When cameras look at the same scene in normal light and in infrared, each view reveals different truths: one shows crisp detail and color, the other highlights heat and hidden objects in the dark. This paper introduces WMambaFuse, a new computer-vision method that blends these two perspectives into a single, clearer picture. The goal is simple but powerful: help people and machines see more reliably at night, in bad weather, and in complex environments by combining the best of both kinds of images.

Figure 1
Figure 1.

Why Two Eyes Are Better Than One

Visible-light cameras capture fine textures, sharp edges, and natural colors, but they falter in low light, fog, or glare. Infrared cameras do the opposite: they sense heat and can reveal people, vehicles, or equipment in darkness, yet their images often look blurry and lack detail. Fusing these two sources promises the best of both worlds, but it is a tricky balance. Many earlier systems either focus on pixel-level mixing in the image plane or work purely in the frequency domain, where images are broken into coarse shapes and fine patterns. In practice, approaches that stay only in one domain tend to sacrifice either global structure or delicate details, leading to lost edges, washed-out textures, or unstable results in complex scenes.
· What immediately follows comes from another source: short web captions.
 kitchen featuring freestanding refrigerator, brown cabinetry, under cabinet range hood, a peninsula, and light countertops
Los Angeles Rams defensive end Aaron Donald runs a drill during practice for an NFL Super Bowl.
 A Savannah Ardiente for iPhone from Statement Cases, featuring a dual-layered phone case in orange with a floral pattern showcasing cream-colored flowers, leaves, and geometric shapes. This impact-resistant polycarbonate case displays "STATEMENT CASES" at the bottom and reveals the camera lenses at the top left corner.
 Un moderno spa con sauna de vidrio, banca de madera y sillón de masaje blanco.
A Three-Part Engine for Seeing More

WMambaFuse tackles this challenge with a carefully layered design: an encoder, a fusion module, and a decoder. The encoder uses a modern “windowed” transformer to look at the scene at multiple scales, capturing both close-up texture and broader context. Think of it as a smart front end that learns how to represent the important features of each input image without hand-written rules. The decoder then reconstructs the final fused image using a recurrent structure, which helps keep features consistent across scales and avoids losing details as information flows through the network. Together, these two parts act like a highly trained eye and brain that prepare and rebuild the visual information.
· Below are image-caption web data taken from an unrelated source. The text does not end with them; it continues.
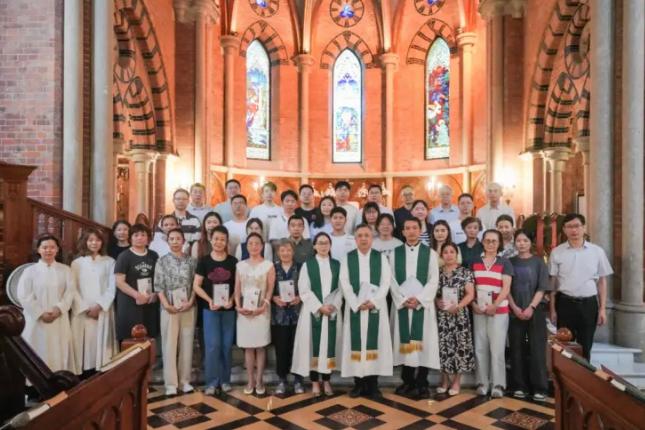 A commemorative photo was taken during a conversion ceremony for 34 seekers at the Holy Trinity Cathedral in Shanghai on July 6, 2025.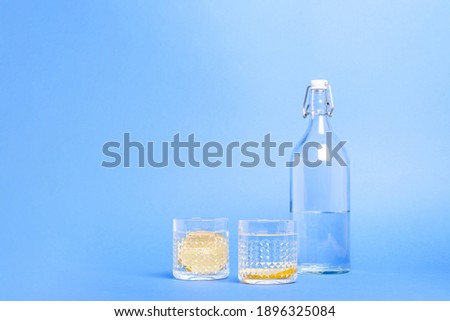 Glass with water and lemon near to bottle on blue background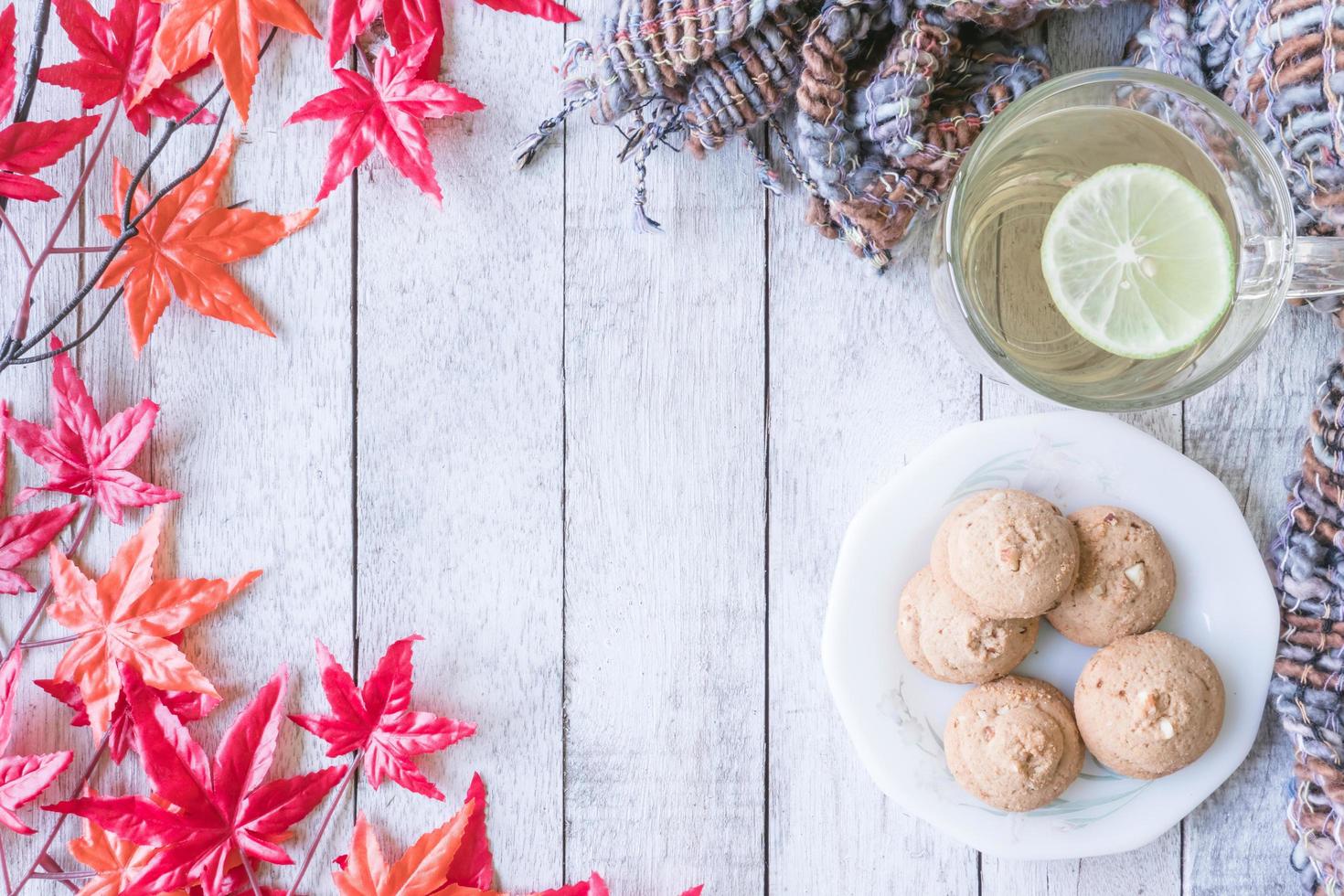 tasse de thé au citron, biscuit, écharpe et feuilles d'érable sur une table en bois peinte en blanc. photo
Blending Space and Detail at the Same Time

The core innovation lies in the fusion module, which explicitly separates “where things are” from “how detailed they are.” One branch, called the spatial attention module, looks directly at the image features and decides which regions from infrared and visible inputs deserve more emphasis. It learns to highlight bright thermal targets, like people or vehicles, while also preserving fine textures from the visible view. The second branch works in the frequency domain, splitting image features into a smooth base layer and several edge and texture layers along horizontal, vertical, and diagonal directions. Here, a new Wavelet-Mamba mechanism passes these directional detail bands through a streamlined state-space model that can track long-range patterns efficiently, enhancing important edges without overwhelming the image with noise.

Figure 2
Figure 2.

Putting the Method to the Test

To judge whether this design truly helps, the authors trained the encoder-decoder on a large, general-purpose image set and then trained the fusion module on paired infrared–visible scenes. They tested WMambaFuse on three public benchmarks covering military scenes, roads, and everyday environments, and compared it with nine leading fusion methods, including those based on classic autoencoders, convolutional networks, transformers, and earlier Mamba-style models. Across a wide range of measures—overall information, contrast, edge sharpness, and structural similarity to the sources—the new method consistently matched or beat competitors. Visual examples show clearer outlines, brighter and more complete thermal targets, and better-preserved background textures, even in challenging night and low-light situations.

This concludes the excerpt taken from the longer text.